> _REQUIRED ACTION_
Every line of the entries below from the one containing "Chocolate Bedsheets Textured" to the one containing "Basic House |", both ends included, must be written out exactly. No other line belongs in the answer.

> _RECORDS SHOWN_
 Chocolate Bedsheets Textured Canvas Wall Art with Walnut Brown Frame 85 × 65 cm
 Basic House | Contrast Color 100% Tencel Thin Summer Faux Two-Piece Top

==

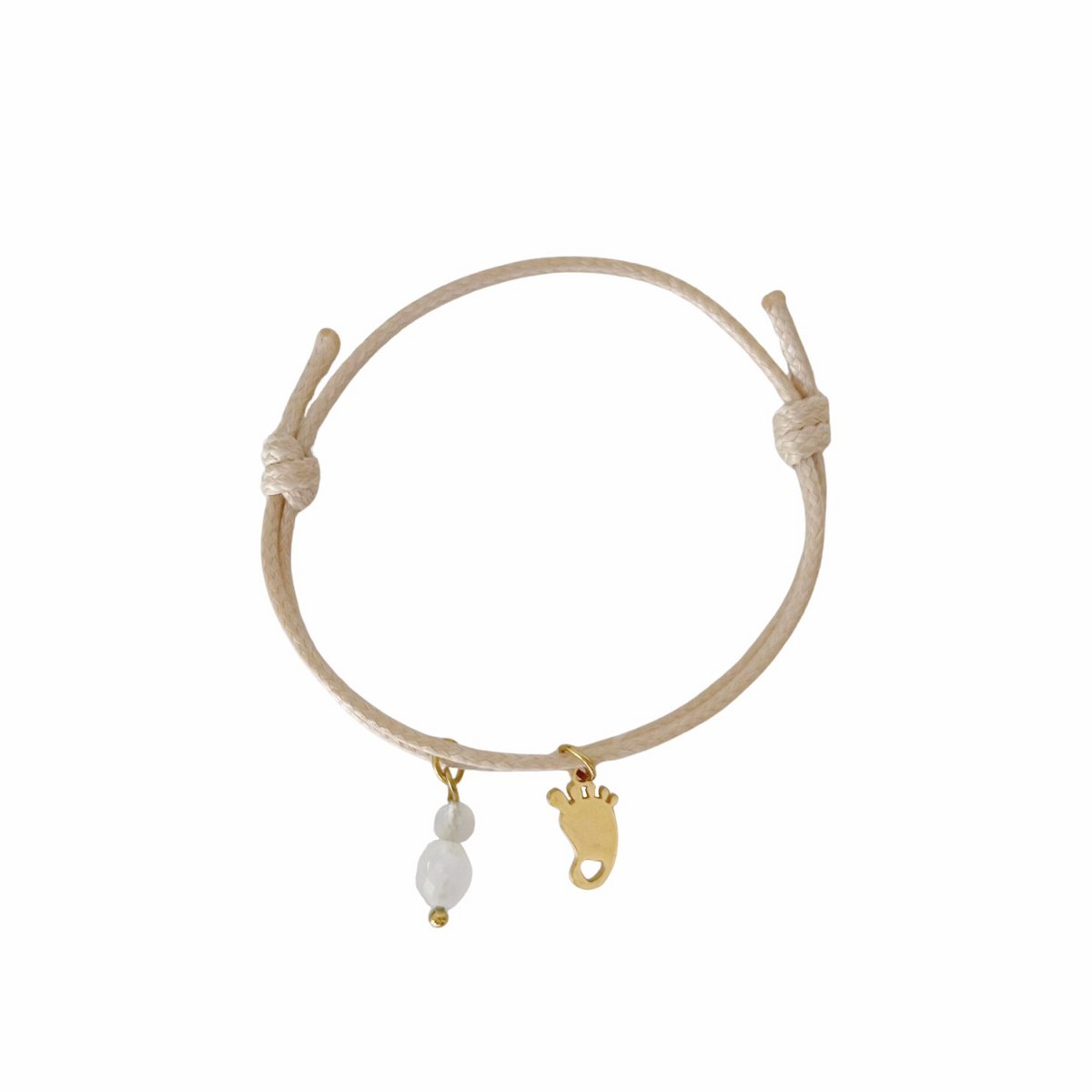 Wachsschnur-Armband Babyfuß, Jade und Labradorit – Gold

---

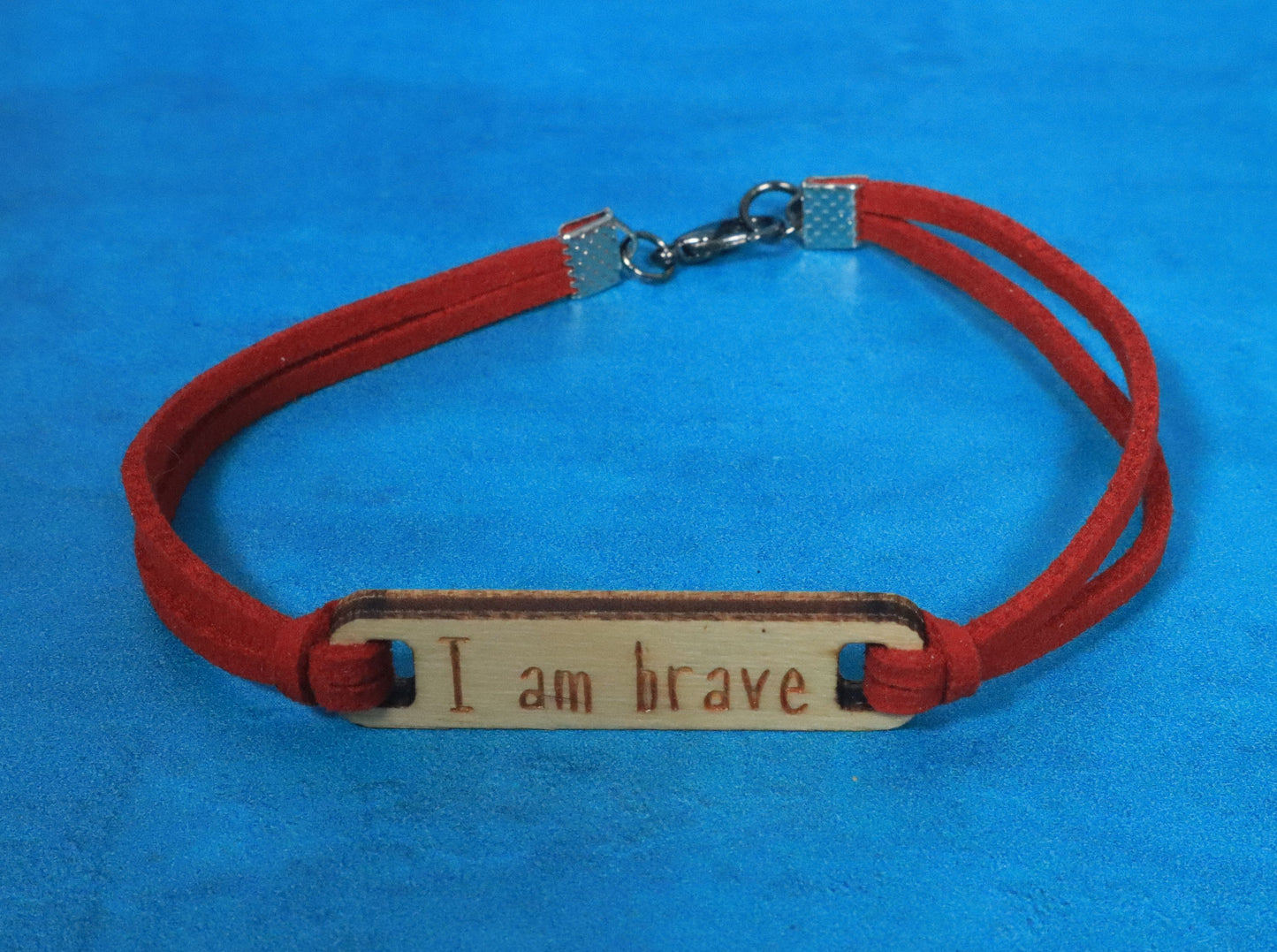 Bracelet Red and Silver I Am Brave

> _ANSWER FOR THE TASK_
 Chocolate Bedsheets Textured Canvas Wall Art with Walnut Brown Frame 85 × 65 cm
 Basic House | Contrast Color 100% Tencel Thin Summer Faux Two-Piece Top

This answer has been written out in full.